[Directions for this task]
Task for the records below: repeat the line containing "扫地机塑料模具代工科普的成型注塑件侧向螺孔加工方案" and every line after it, exactly and with nothing else, but leave out the pictures.

(Scraped caption text data)
********
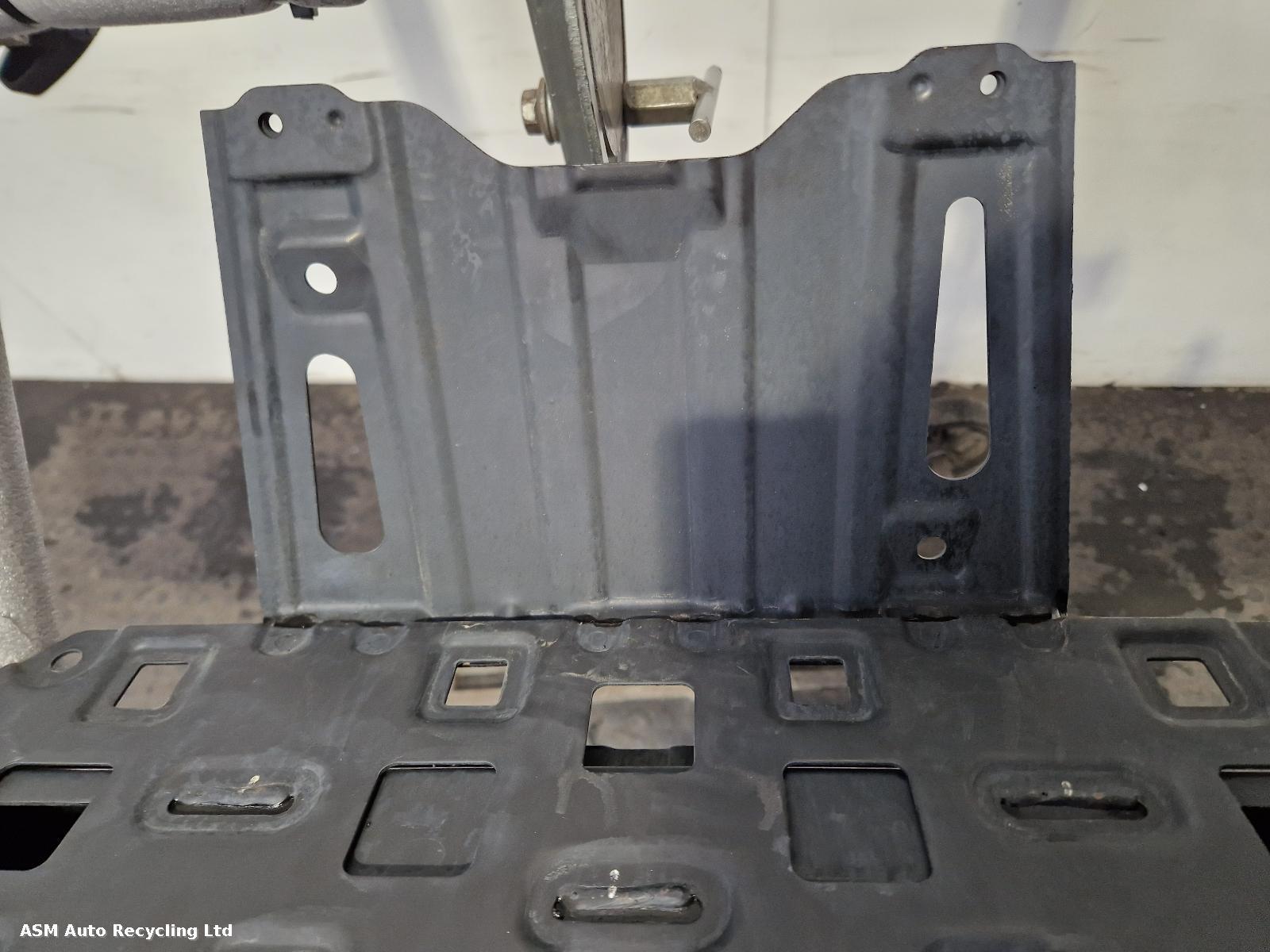 View Auto part Rear Bumper Toyota Hilux 2023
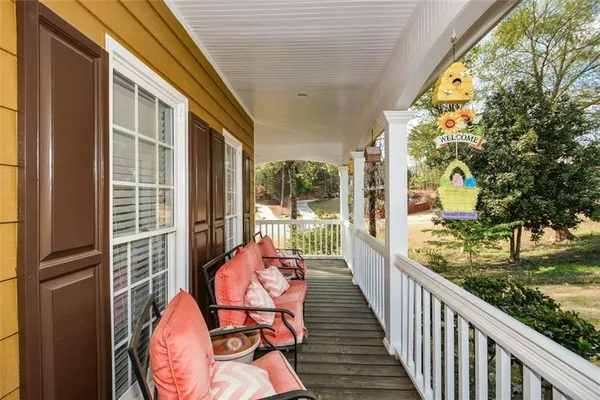 $549,900 | 5045 Southern Trace Drive, Gainesville, GA 30504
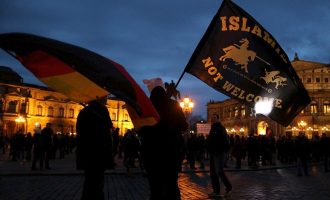 Ακροδεξιοί στη Γερμανία καλούν σε “αντίσταση” κατά των προσφύγων – Φουντώνει η βία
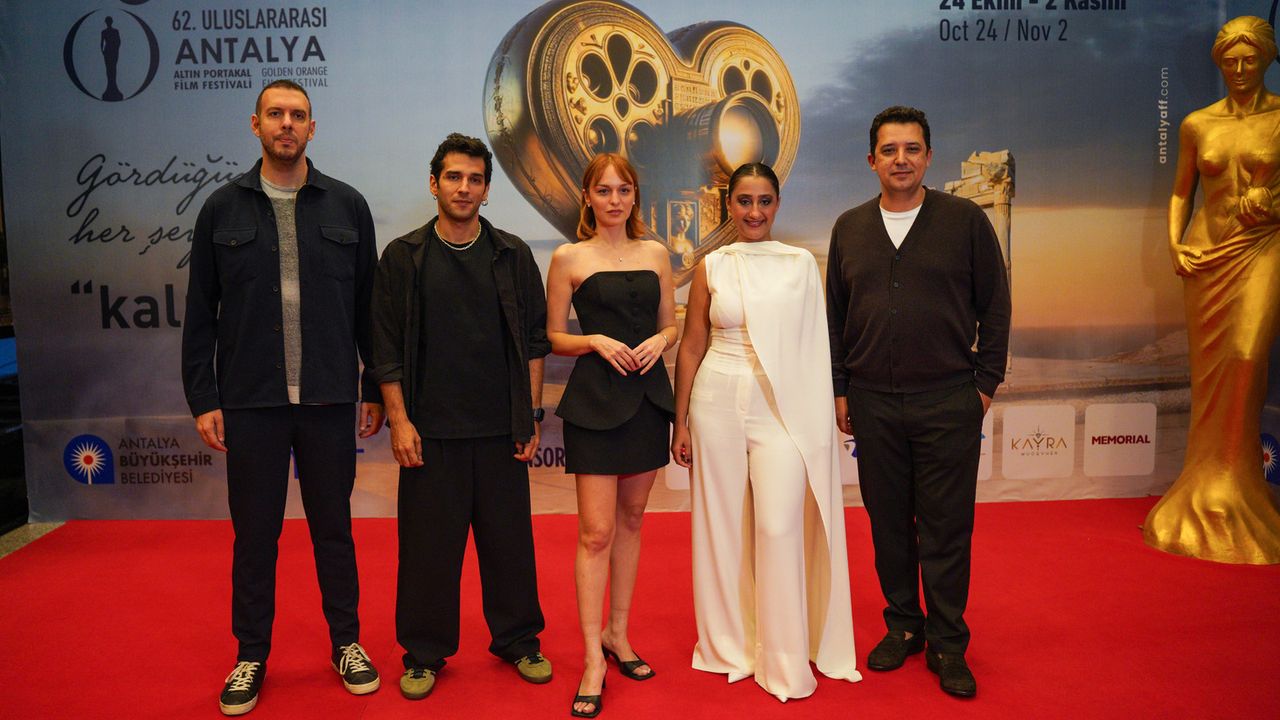 Altın Portakal’ın ilk günün heyecanı geride kaldı… 'Gelin Takımı 2' filminin galasıyla tamamlandı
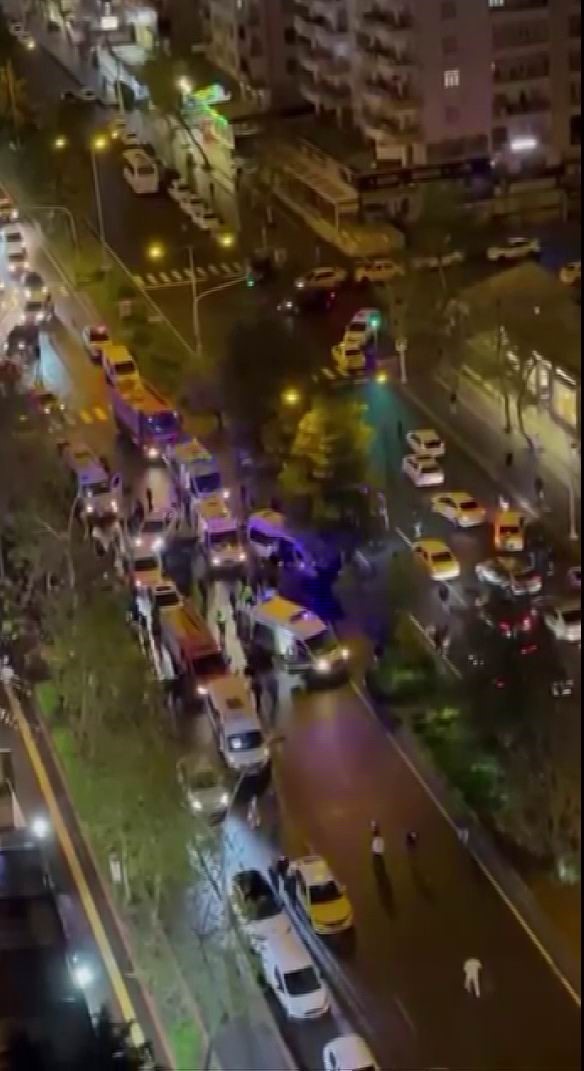 Yayaya &ccedil;arpmamak i&ccedil;in direksiyonu kardı, ağaca &ccedil;arptı: 6 yaralı
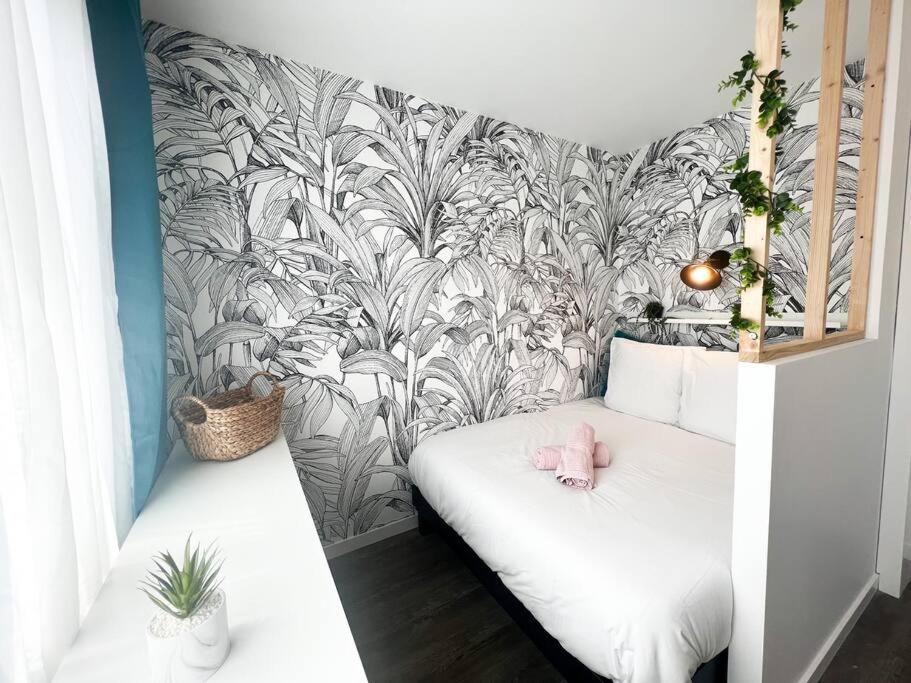 Suite Le Studio Litchi Baigne De Lumieres & Proche Des Plages Saint-Nazaire  Ngoại thất bức ảnh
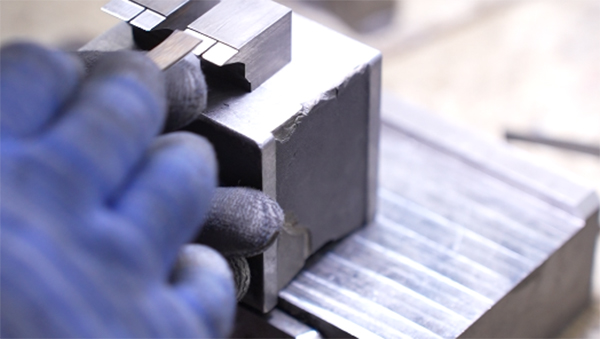 扫地机塑料模具代工科普的成型注塑件侧向螺孔加工方案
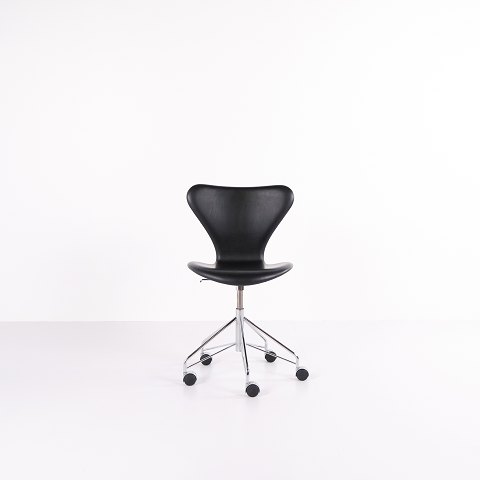 Syver Kontorstol - Model 3117 - Sortlæder - Drejefunktion - Arne Jacobsen - 
Fritz Hansen
Fremragende stand
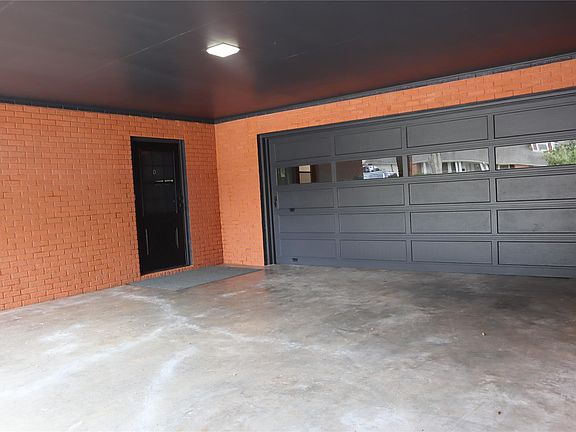 3rd image of 1903 Evergreen Ln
********
[Exercise solution]
 扫地机塑料模具代工科普的成型注塑件侧向螺孔加工方案
 Syver Kontorstol - Model 3117 - Sortlæder - Drejefunktion - Arne Jacobsen - 
Fritz Hansen
Fremragende stand
 3rd image of 1903 Evergreen Ln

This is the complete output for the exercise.